01/22/2019 Lima, Peru - Liz Chicaje Churay belongs to the indigenous people of the Bora. The petite woman lives in northern Peru, in a rainforest area where the country's youngest national park, the Yaguas National Park, was established in 2018.

The park is about 1,000 kilometres from the capital Lima, 8,700 square kilometres large and extremely species-rich. "We, the indigenous peoples, are the guardians of Yaguas," says Liz Chicaje Churay, "and we need the National Park to protect the vast rainforests and rivers from illegal gold miners, loggers and anyone else who wants to make a private profit from the region's natural resources," she says.

That Yaguas became a national park last year is also thanks to Liz Chicaje Churay. As chairwoman of FECONA, one of the oldest and best organised indigenous federations in Peru's Amazon region, Liz helped advance the year-long process that helped Yaguas achieve national park status.

The mother of five had made a strong case to convince 23 of the 26 communities around Yaguas that the rainforest along the Yaguas River deserved the highest international protection category. On Tuesday evening (22 January 2019) at the German Embassy in Lima, she was awarded the "Franco-German Prize for Human Rights and the Rule of Law 2018" for this commitment, for which she was nominated in December by German Foreign Minister Heiko Maas and French Foreign Minister Jean-Yves Le Drian on the occasion of the Human Rights Day.

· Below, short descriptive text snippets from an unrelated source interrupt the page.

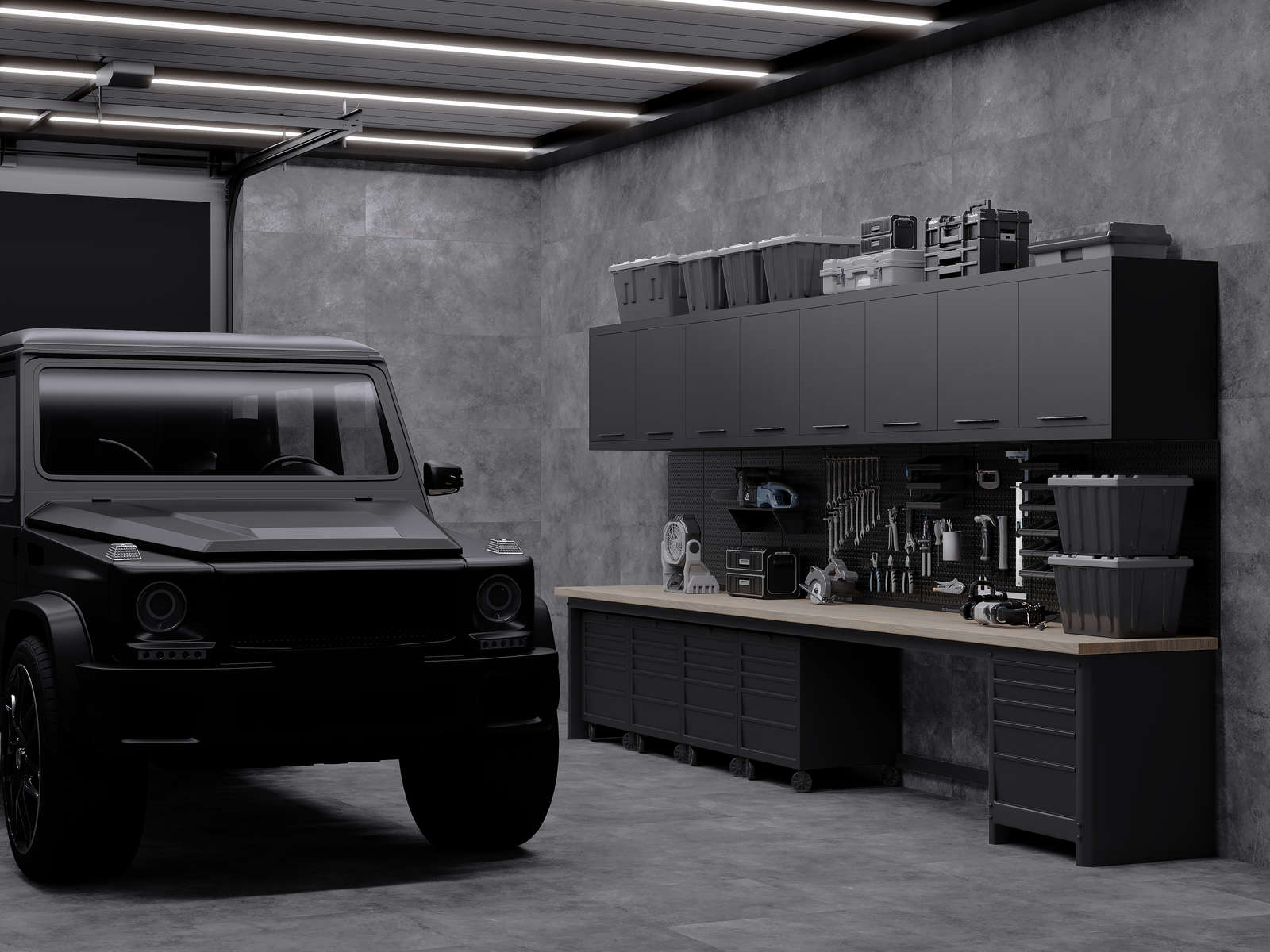 Fortezza Laparet фото 2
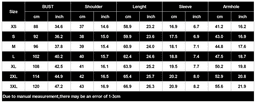 Dámské tričko s geometrickým vzorem - růžové bílé šedé - krátký rukáv bavlna casual - náhled 7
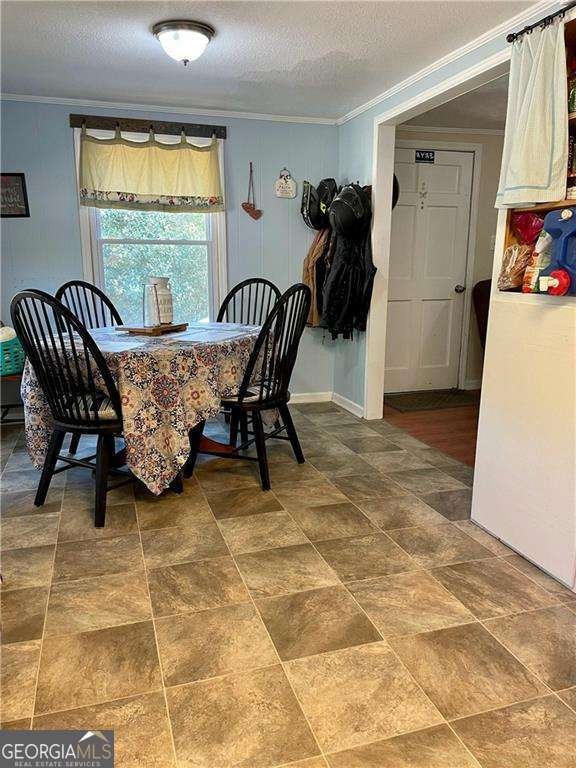 442 Herrington Bend Road Calhoun - Photo 7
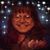 Jodie Thornburg Norquist's profile image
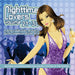 Nighttime Lovers, Volume 10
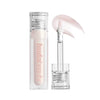 Huda Beauty Faux Filler Extra Shine Lip Gloss Lip Gloss
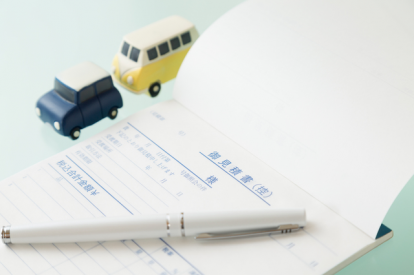 中古車の売却・購入に必要な書類とは？売却・購入にはどんな流れが必要か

Liz Chicaje Churay We, the indigenous peoples, are the guardians of Yaguas and we need the National Park to protect the vast rainforests and rivers from illegal gold miners, loggers and anyone else who wants to make a private profit from the region's natural resources. Liz Chicaje Churay

"Liz Chicaje is a person who has a great role in the establishment of the Yaguas National Park and in aspects of bilateral cooperation with Peru: the issue of environmental protection, establishing national forests, combating illegal logging or mining, protection of indigenous communities. All these elements converge in her," the German Ambassador Stefan Herzberg praised the commitment of Liz Chicaje.

“The creation of this park means a lot to us: to continue taking care of our territories and to have a healthy diet/food. For us, this place means what a bank means for you: it is where the animals reproduce, the water is healthy and clean. So for us, the communities, we had to defend this place,” says Liz Chicaje Churay.“

Yaguas is located in the Iquitos region, in north-eastern Peru. The area belongs to the Amazon lowlands, is very difficult to access and extremely species-rich. Thousands of different plant and animal species have been found there so far. These include pink river dolphins, giant otters, manatees, jaguars and woolly monkeys. Yaguas takes its name from the indigenous peoples of the Yagua, who live in the Amazon region in northeastern Peru all the way to Colombia and who also gave their name to the great Yaguas River. The Yaguas rises in the national park and flows into the Rio Putumayo. The Yaguas is one of the few rivers that have their origin in the Amazon basin.

The Yaguas National Park is uninhabited. The indigenous communities that live on the lower reaches of the Yaguas River and the Putumayo River around Yaguas depend on the rich aquatic resources of this ecosystem, especially fish. Therefore, the protection of the area is vital for their survival.